By Andrew H. Perellis, Patrick D. Joyce, and Craig B. Simonsen

In anticipation of its proposed rule to reduce carbon emissions of existing electric power plants, expected to be released Monday, June 2, EPA just released its report Climate Change Indicators in the United States, 2014, Third Edition (Report), showing some stunning data about climate change and industry’s responsibilities.

The Report details the science behind climate change and is a tool to educate the public about the causes and effects of climate change and what can potentially be done to reduce the effects of global warming.

We had blogged previously about President Obama’s “Plan to Cut Carbon Pollution and Address Climate Change” – the Climate Action Plan. In making his case for the Plan, in June, 2013, the President said “while no single step can reverse the effects of climate change, we have a moral obligation to future generations to leave them a planet that is not polluted and damaged. Through steady, responsible action to cut carbon pollution, we can protect our children’s health and begin to slow the effects of climate change so that we leave behind a cleaner, more stable environment.” P. 4.

The EPA Report represents the next step in the President’s Climate Action Plan. The Report pulls together “observed data on key measures” of our environment, also known as “indicators.” These indicators include: U.S. and global temperature and precipitation, ocean heat and ocean acidity, sea level, and the length of the growing season, among others. With thirty indicators suggesting “long-term trends,” the Report asserts climate change is already affecting our society and says the “indicators present compelling evidence that climate change is happening now in the United States and around the world.”

Janet McCabe, Acting Assistant Administrator for EPA’s Office of Air and Radiation, suggested that these indicators “make it clear that climate change is a serious problem and is happening now here in the U.S. and around the world.” While all of the indicators relate to the causes or effects of climate change, they also show that humans can have different levels of influence on different indicators.

The Report is consistent with the recently released National Climate Assessment in suggesting this data “presents clear evidence that the impacts of climate change are already occurring across the United States.”

Some important indicators in the Report that show a trend toward a changing climate include:

  • Temperature: Average temperatures have risen across the contiguous 48 states since 1901, with an increased rate of warming over the past 30 years.

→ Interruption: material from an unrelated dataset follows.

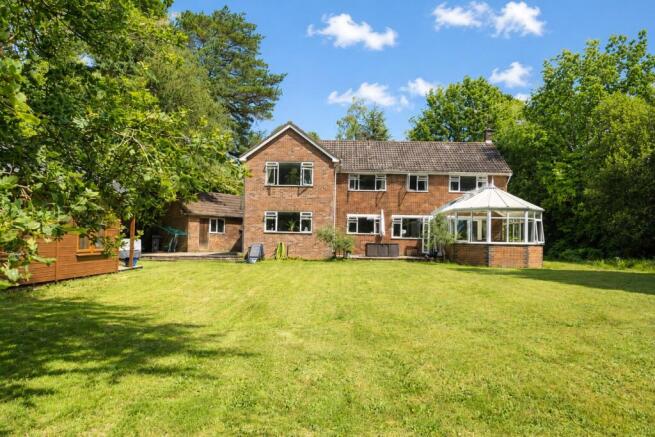 5 bed property, in Grayshott, £1,175,000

Seven of the top 10 warmest years on record have occurred since 1998. Every part of the Southwest experienced higher average temperatures between 2000 and 2013 than the long-term average dating back to 1895. Some areas were nearly 2°F warmer than average.
  • Violent storms: Tropical storm activity in the Atlantic Ocean, the Caribbean, and the Gulf of Mexico has increased during the past 20 years.
  • Rising sea level: Along the U.S. coastline, sea level has risen the most along the Mid-Atlantic coast and parts of the Gulf Coast, where some stations registered increases of more than 8 inches between 1960 and 2013.
  • Ice loss: Glaciers have been melting at an accelerated rate over the past decade. The resulting loss of ice has contributed to the observed rise in sea level.
  • Increased frequency and size of wildfires: Since 1983, the United States has had an average of 72,000 recorded wildfires per year. Of the 10 years with the largest acreage burned, nine have occurred since 2000, with many of the largest increases occurring in western states.
  • Drought: Water levels in the Great Lakes have declined steadily over the last few decades.
  • Heat-related deaths: Over the past three decades, nearly 8,000 Americans were reported to have died as a direct result of heat-related illnesses such as heat stroke. The annual death rate is higher when accounting for other deaths in which heat was reported as a contributing factor.

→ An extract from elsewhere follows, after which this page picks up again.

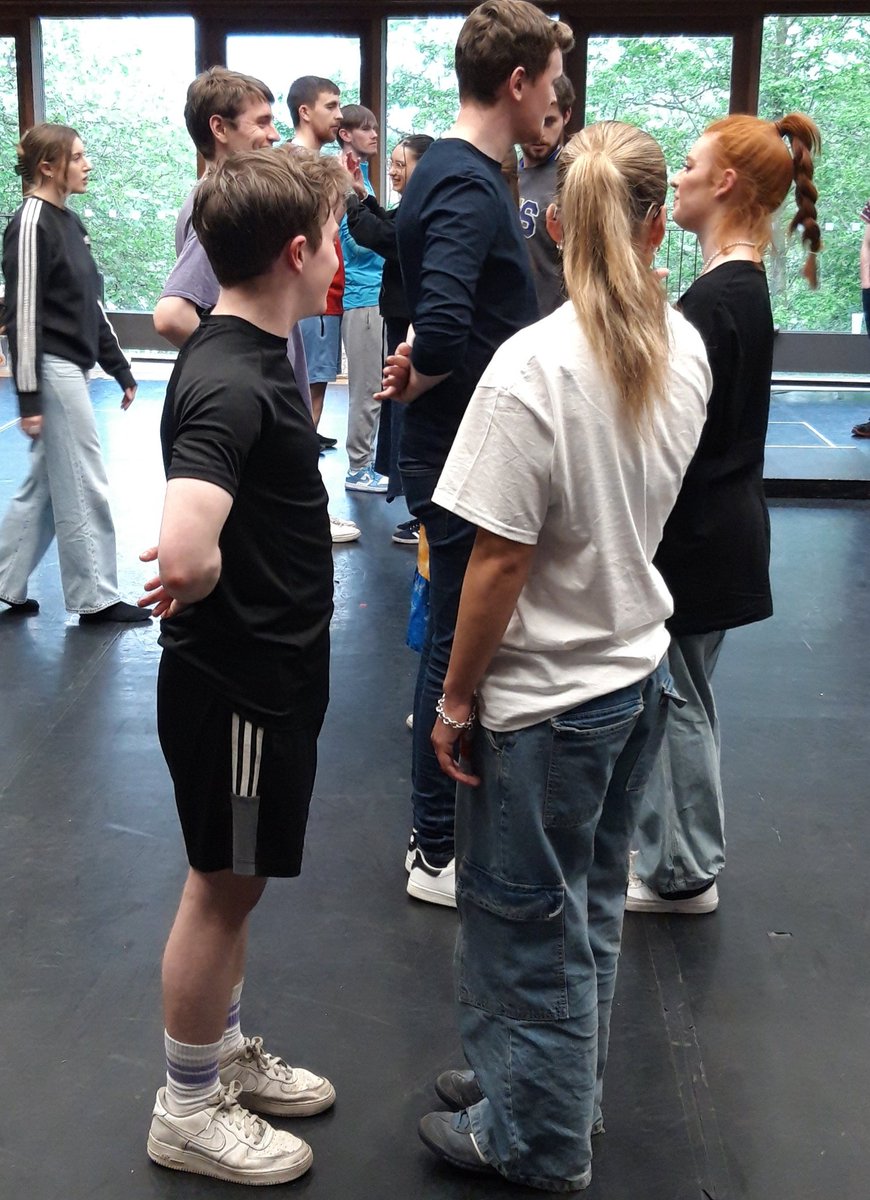 LyricLearning's tweet image. Interesting week in Anne Boleyn rehearsals - everything from Tudor courtly dance to boxing!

The Report purports to represent the state of the science as collected and digested by the EPA. The analysis goes a long way toward supporting and moving forward the President’s Climate Action Plan and his insistence that now is the time to act.

Assessing the Impact of Proposed New Carbon Regulations in the United States

Also in preparation Monday’s proposed power plant rules release, The U.S. Chamber of Commerce’s (Chamber) Institute for 21st Century Energy (Energy Institute) commissioned IHS Energy and IHS Economics to examine and quantify the expected impacts of the proposed power plant rules on the electricity sector and the economy as a whole, based on policy scenarios provided by the Energy Institute.

The Energy Institute’s analysis focuses on the economic impacts of EPA’s proposed rules on CO2 emissions from fossil fuel-fired electricity generating plants under the Clean Air Act. According to the Chamber’s analysis, the rules threaten to suppress average annual U.S. Gross Domestic Product by $51 billion and will lead to an average of 224,000 fewer U.S. jobs every year through 2030, relative to baseline economic forecasts. The proposed power plant rules are a central part of the President’s Climate Action Plan.

When discussing changes that can be made to address climate change, Acting Assistant Administrator McCabe says “everything we do to reduce greenhouse gas emissions and prepare for the changes that are already underway will help us safeguard our children’s future.”  Maybe it is time for Smokey the Bear to change his tune and tell the public “Only You Can Prevent Climate Change.”